04.12.2009  |  Folker Hellmeyer
Der Euro eröffnet (07.45 Uhr) bei 1.5070, nachdem gestern im europäischen Handel Höchstkurse der letzten 24 Handelsstunden bei 1.5141 markiert wurden. Der USD stellt sich gegenüber dem JPY auf 88.20. In der Folge notiert EUR-JPY bei 132.90, während EUR-CHF bei 1.5070 oszilliert.
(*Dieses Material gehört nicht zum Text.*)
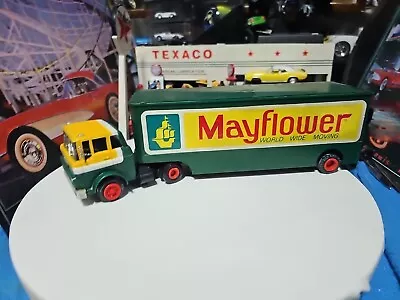 Vintage Mayflower Moving Van Scale Model Plastic Truck Toy Lighted *NOT TESTED** • $19.95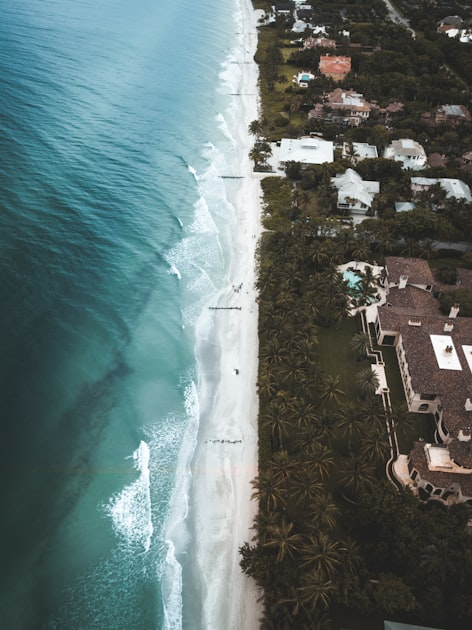 The Power of Drone Photography in Real Estate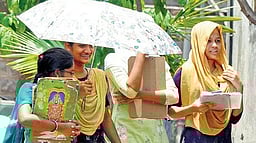 வெப்ப அலையால் குழந்தைகள், முதியோருக்கு அச்சுறுத்தல்!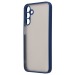 Чехол-накладка - PC041 для "Samsung Galaxy A15 5G" (dark blue) (226209)#2087260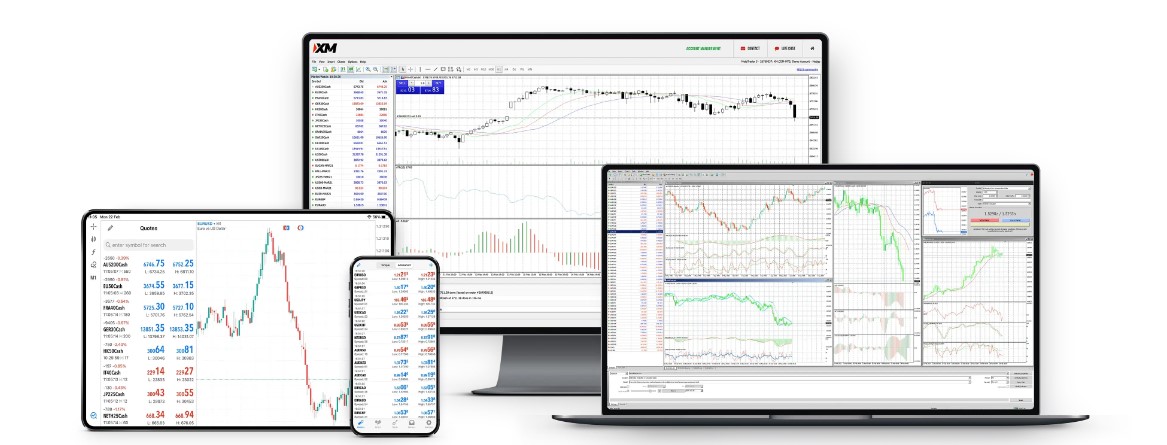 XM Broker Singapore Trading Platforms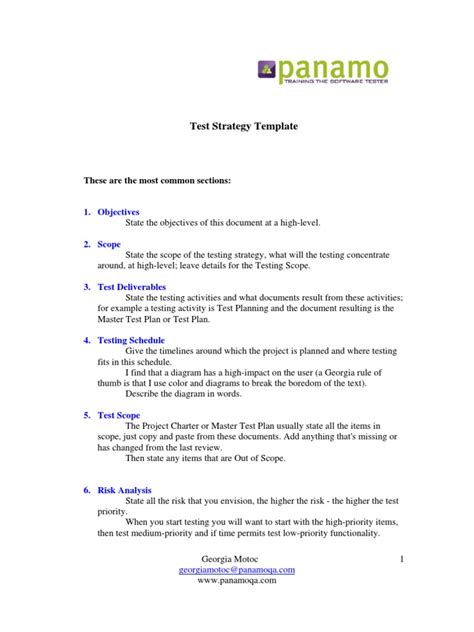 Test Strategy Examples 的图像结果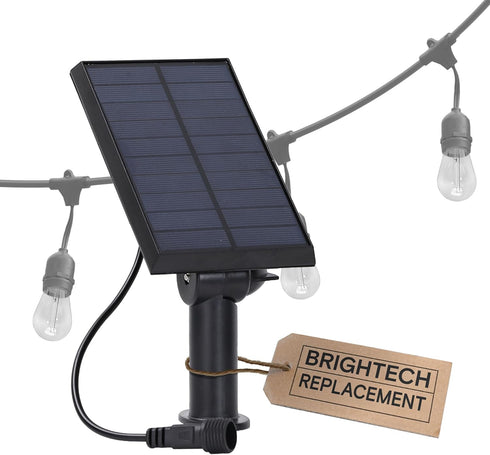 Brightech Replacement Solar Panel Ambience Pro - Compatible ONLY with Brightech 1W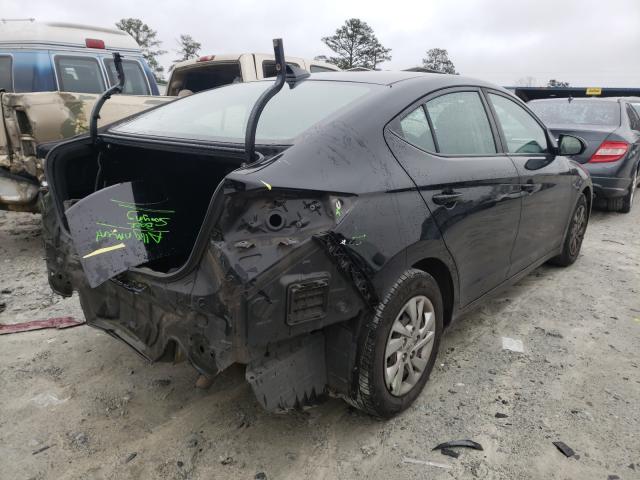 2017 HYUNDAI ELANTRA SE KMHD74LFXHU176395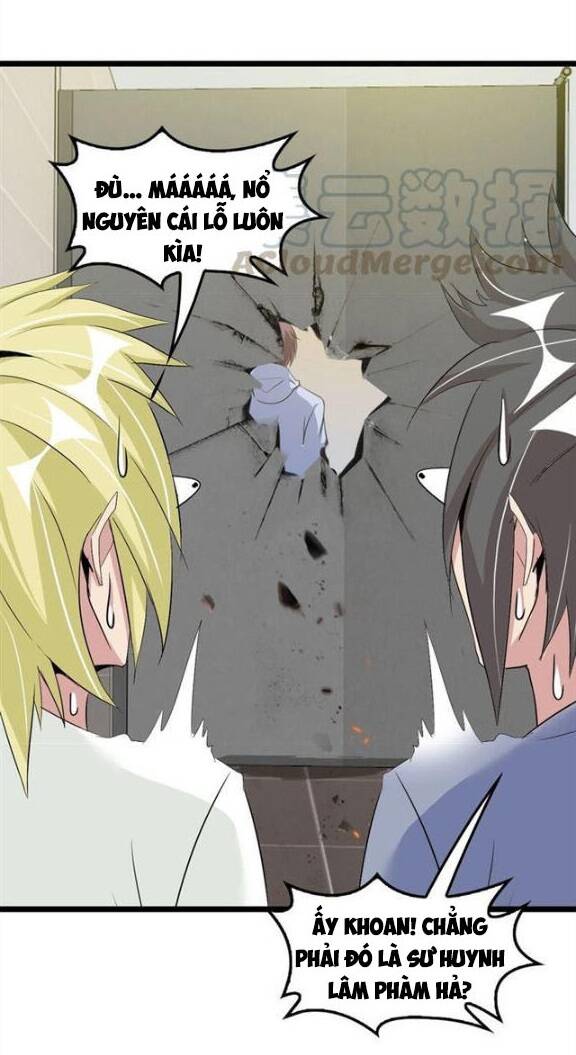 Đại Thiên Tài Bất Khả Chiến Bại Chính Là Ta Chapter 77 - Trang 2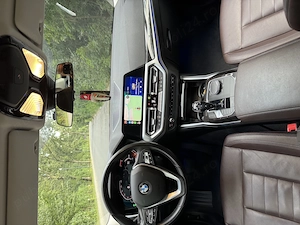 BMW Seria 3 G20 320i Luxury Line | 184 CP | Vermont Bronze Metallic | Vernasca Mocca | 360 | Keyless - imagine 7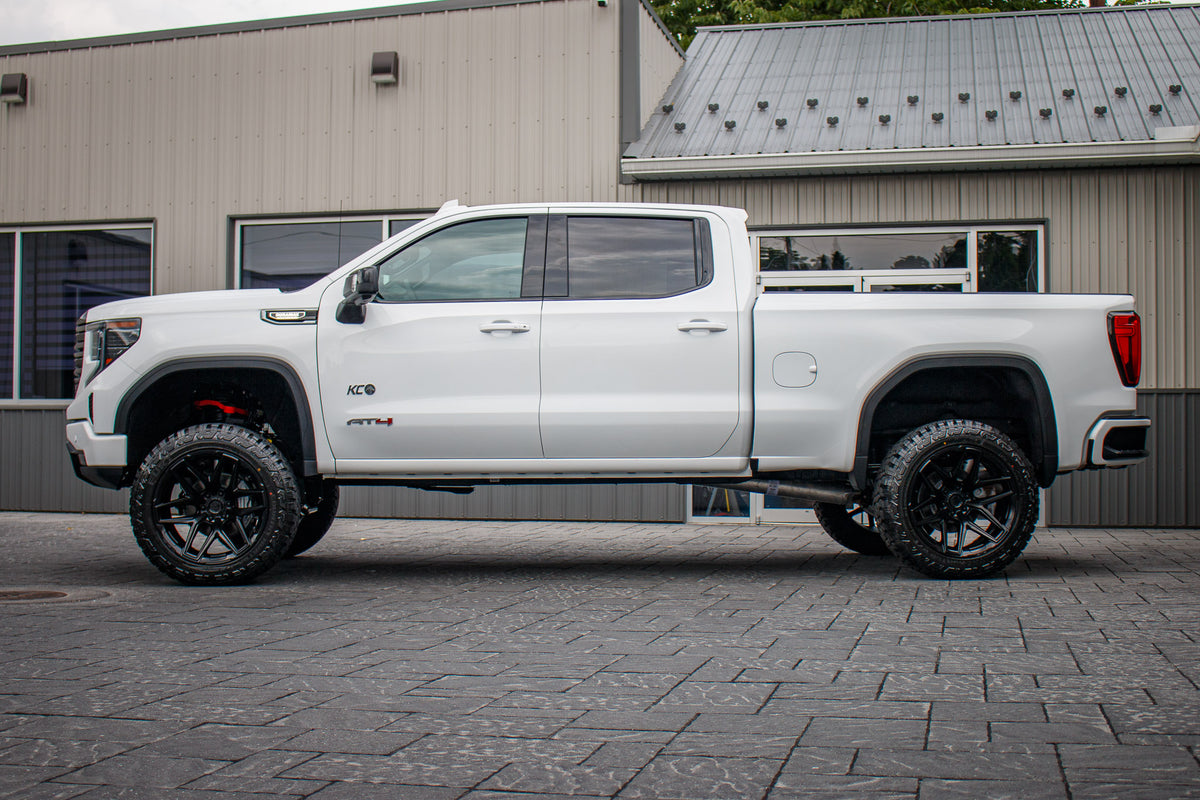 2026 GMC Sierra 1500 with Fuel Flux - Krietz Customs gallery image 09 - Stock # TG283264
Der EZB-Rat hat den Markterwartungen entsprechend den Leitzins unverändert bei 1,00% belassen.

Die Einlassungen Trichets zur Konjunktur fallen verbunden mit leicht erhöhten Stabprojektionen für das Wachstum per 2010 und 2011 etwas positiver aus.
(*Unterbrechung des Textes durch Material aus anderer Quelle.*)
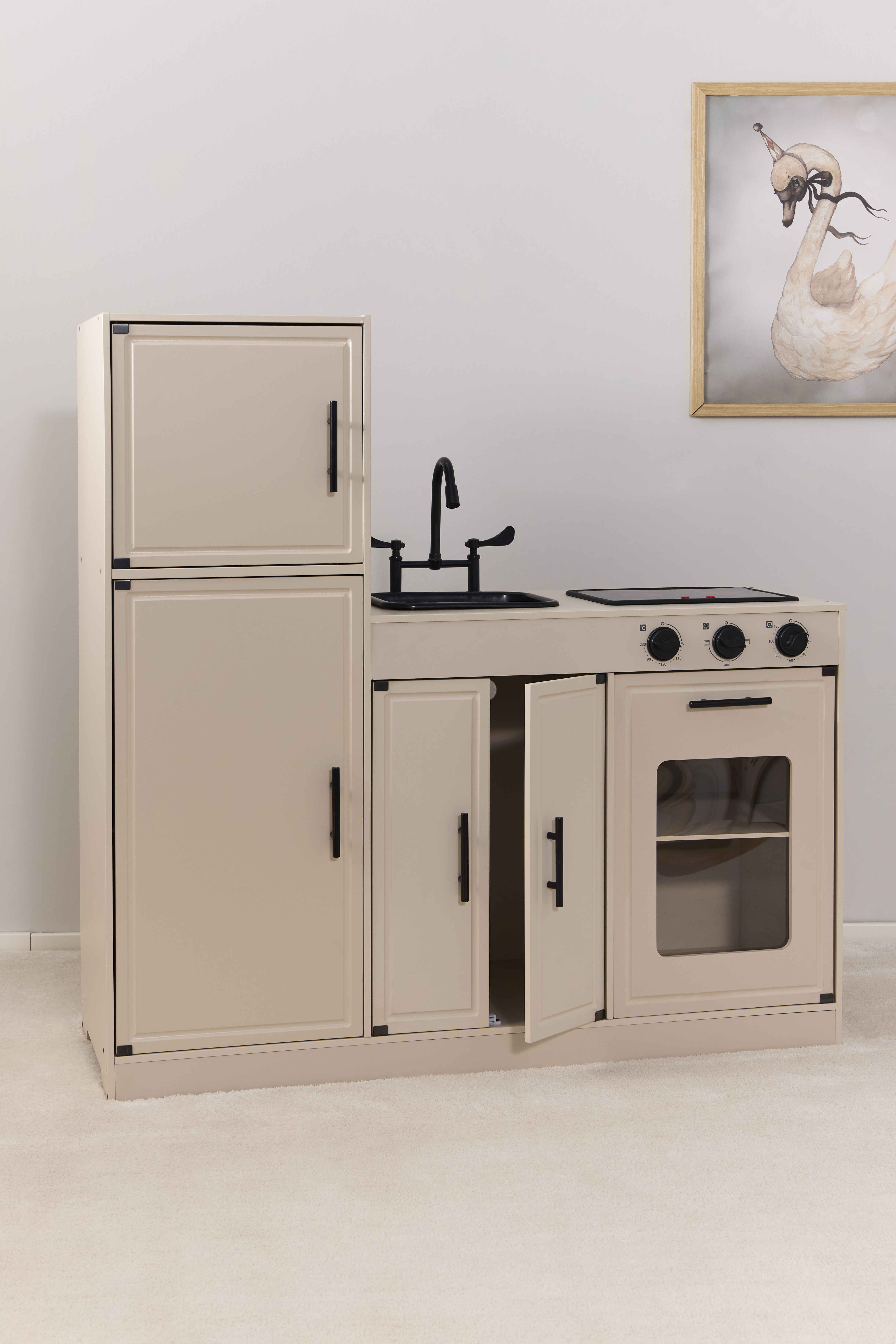 Alice & Fox Legekøkken, Beige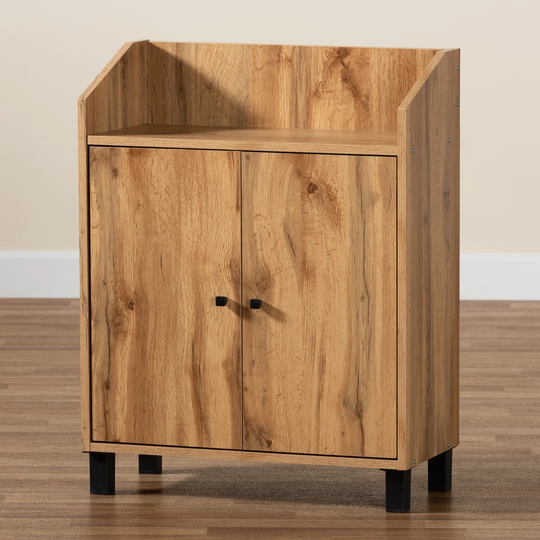 8 Pair Shoe Storage Cabinet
Der EZB-Rat als auch die für die Projektionen verantwortlichen Mitarbeiter bewegen sich deutlich "hinter der Kurve". Die Realität ist einmal mehr wesentlich schneller … Mithin tönt die Skepsis von Seiten der EZB ob der Konjunkturentwicklung unverändert laut durch. Nun denn, der Einbruch der Konjunktur 2008 wurde nicht erwartet, die Erholung per 2009 wurde von der EZB nicht in dieser Form gesehen. Warum soll sich per 2010 etwas ändern? Jeder bemüht sich halt um seinen "Trackrecord!" Offensichtlich ist es "hinter der Kurve" warm und kommod.
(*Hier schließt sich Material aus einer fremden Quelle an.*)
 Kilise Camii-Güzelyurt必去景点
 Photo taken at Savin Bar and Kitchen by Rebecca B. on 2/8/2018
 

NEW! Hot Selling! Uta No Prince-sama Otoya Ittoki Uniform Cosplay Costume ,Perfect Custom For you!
Preisinflation würde bedingt durch Basiseffekte zunehmen. Wir stimmen umfänglich zu. Das Preisniveau wird insgesamt unter Druck bleiben. Ja, die Bandbreite der Verbraucherpreisinflation wird zwischen 1% -2% per 2010 liegen.

Die EZB beschreitet vorsichtig den Weg, die unkonventionellen Maßnahmen zurückzufahren. Dabei bleibt die Liquiditätsversorgung absolut gesichert. Volle Zuteilung bleibt auf der Agenda. Die 6-Monatsoperationen werden aber im 1. Quartal eingestellt. Die 12 Monatsoperation kommt nicht mehr zum Festzins, sondern der Zins wird im Verlauf monatlich neu fixiert und am durchschnittlichen Marktzins ausgerichtet.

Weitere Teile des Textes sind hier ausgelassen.